Now that we’ve gotten toys down to a manageable number, we still struggle with the flow of new toys into the house, especially at birthdays and Christmas. However, there is a neat trick that helps us stop new toys from completely taking over ours lives:
Limit toy storage to a confined space.
This is a fantastic tip from Clutterfree with Kids by Joshua Becker. When that specific, confined toy area fills up, that’s it. No more toys. If a new one arrives, an old, underused one should go.
Good Toy Spaces
Good confined spaces are closets, a toy box, one set of shelves, under a bed, or a couple of tubs. Ideally, this is somewhere that you can close off so you don’t have to look at the toys all the time.
Our Toy Spaces
We’re still trying to find the right amount of toy storage space in our house. We’ve started by confining the toys we have to the corner in the living room, the living room bookshelf, the toy box, the guest bedroom and both girls’ closets.

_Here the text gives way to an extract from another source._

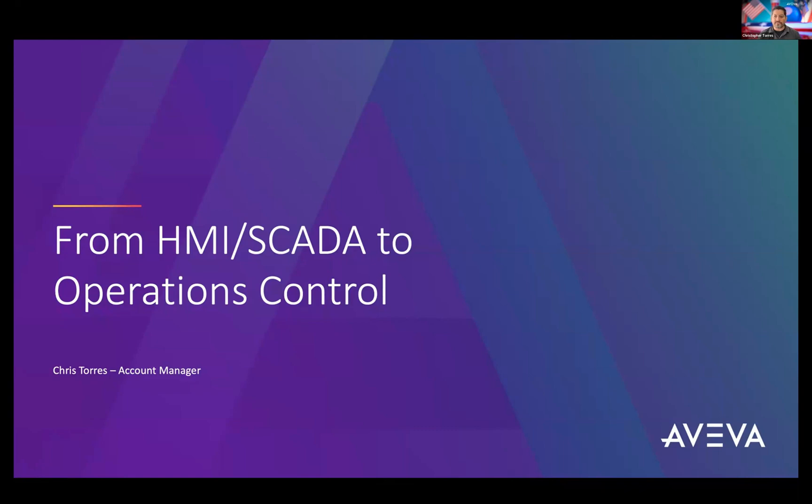We're going to be discussing operations control and the concepts behind that. The goal today for this section is to give you a good understanding of what operations control is, how it's established, the background, and also the commercial model.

We found the corner is not confined enough because it’s hard to define where a corner begins and ends or when a corner is “filled up”. My goal is to eventually confine the toys even more to simply the toy box, one or two bookshelves and a couple of tubs in the girls’ closets. The tubs are for rotating the toys and the toy box/shelf are for the toys we play with every day.
Limit Toy Storage Space
This tip offers a few other nice side-effects beyond simply having a manageable amount of toys. It:
- Keeps the house cleaner.
- Allows you to easily experiment with finding the optimal volume of toys. For instance, if you confine the toys to four tubs in a closet, but you find that the kids only play with the toy-equivalent of two tubs you can de-own the extras and reduce your confined space.
- Helps you and your kids know when it’s time to do another round of purging. When the confined space feels cluttered or full, it’s time to de-own again.